Has anyone noticed that XM satellite radio is lower fidelity than FM?

At least in my car, XM radio seems to be lacking in dynamic range and stereo separation compared to an FM station with a good signal. I’m sure part of it is that they compress the living $#!^ out of it to transmit it. I was wondering if anyone else had noticed this, or if my receiver is at fault.

My Sirius radio also sounds highly compressed at times.

That’s normal. As you say, they need to do major compression. It’s gotten somewhat worse over the years as channels have been added.

I’m a serious music listener but not an audiophile. I’d like the quality to be better, of course, but I can tolerate the current quality.

My only experience with it is on Airtran airlines. Sounds like it is being broadcast from Jupiter. (The planet, not Florida.)

Well, I have it in an '09 Caravan and I have no complaint with it. ( that’s the radio I mean).
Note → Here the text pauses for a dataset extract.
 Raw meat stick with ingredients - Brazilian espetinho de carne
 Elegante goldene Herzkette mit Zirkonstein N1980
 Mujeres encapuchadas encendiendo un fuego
I don’t mind the sound. The stations on XM are so much better than the stuff on air around here. It’s a trade I gladly make.
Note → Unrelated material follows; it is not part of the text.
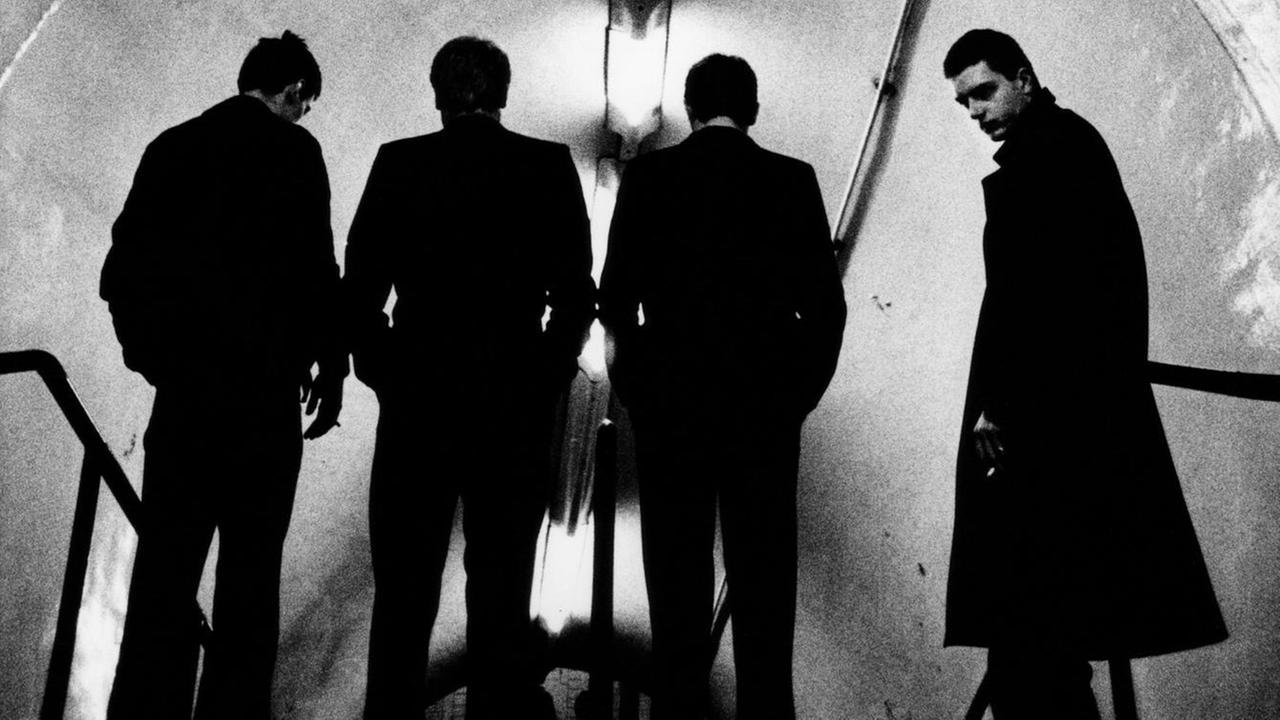 Eine Schwarz-weiß-Aufnahme des Fotografen Anton Corbijn ziegt die Band Joy Division beim Abstieg in die U-Bahn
I like the variety of XM stations, and that they are (mostly) commercial free. Taken as a whole, they play some pretty good stuff. Taken individually, I wonder who comes up with their playlists… The 80s channel for example seems to have a Duran Duran fixation.

I like my ipod. I was surprised how much music I had on CD’s that I have accumulated over the years. I transfered about 8-900 songs over and I just let it play randomly, never know what’s coming up.

I started with about 200 songs but I found that they just repeated too often. I even went and converted a couple of songs from old vinyl albums that are not available on CD. I haven’t yet used the Apple store but I did set up an account with them.

I did put an ipod adaptable radio in my car.

This year, I am seeing a lot of radios with a USB port. I am wondering if I can get one for my wife’s car, put music from itunes stored on my computer onto one of these memory sticks and just plug it into the radio, avoiding the cost of a new ipod.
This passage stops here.